Green corn irrigated in Arkansas
Photo credit: XtremeAg

We are currently at R1/R2 on corn and R4/R5 on beans and haven’t had to trigger a full irrigation cycle until this past weekend when we cranked the wells wide open on all our fields. We have saved some money on diesel by not irrigating as much up to this point in the season. 

We think we will have one of the best crops we have grown this year. Of course, that'll depend on how the crop responds to this heat while in the reproductive stages. No rain and no break coming in the heat for the next 15 days.

Green soybeans growing in Arkansas
Photo credit: XtremeAg

We just finished up our personal best wheat crop and were able to have moisture to plant beans behind it. This is not normally the case when we double crop. We normally have to “water” the beans up. Monday the last of them were too wet to plant and today we had to go a little deeper than 2 inches to get them planted in the moisture. On these thin soils, we are always 2 weeks from a drought no matter how much rain we have had.

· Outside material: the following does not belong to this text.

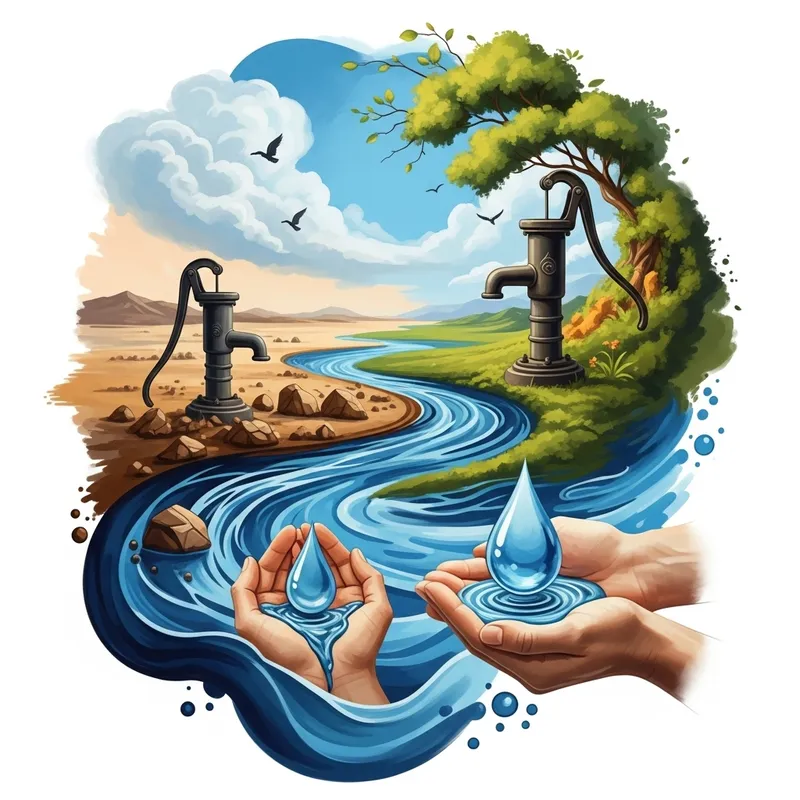 Abstract Water Conservation Art for a Greener Future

Kevin and his wife, Cindy, own and operate Matthews Family Farms of North Carolina, Inc., Precision Nutrient Management, Inc., and Deep Creek Grain, Inc. in East Bend and Yadkinville.

We are wrapping up our wheat harvest today. We’ve had a great wheat crop and I’m excited to see how we come out on the XtremeAg Wheat Wager competition we have going. We had some afternoon thunderstorms that delayed the combines by a few days. The rains have been a blessing for sure with our dry and hot conditions. Temperatures have been in the upper 90s every day last week and are supposed to stay in the 90s through the week.

John Deere combine harvests wheat in North Carolina
Photo credit: XtremeAg

We will be finishing up our double-crop beans this week if we can hold moisture in the wheat straw. We are running full force dropping nitrogen on our corn. So far, everything looks great. We just need to keep getting regular rain showers to get the crop through the heat.

A man in a gray t-shirt stands in a North Carolina wheat field
Photo credit: XtremeAg

We are in the office this week focusing on preparing crop reports to ensure everything is completed before the reporting deadline. Getting the paperwork finished is just as important as planting the crops.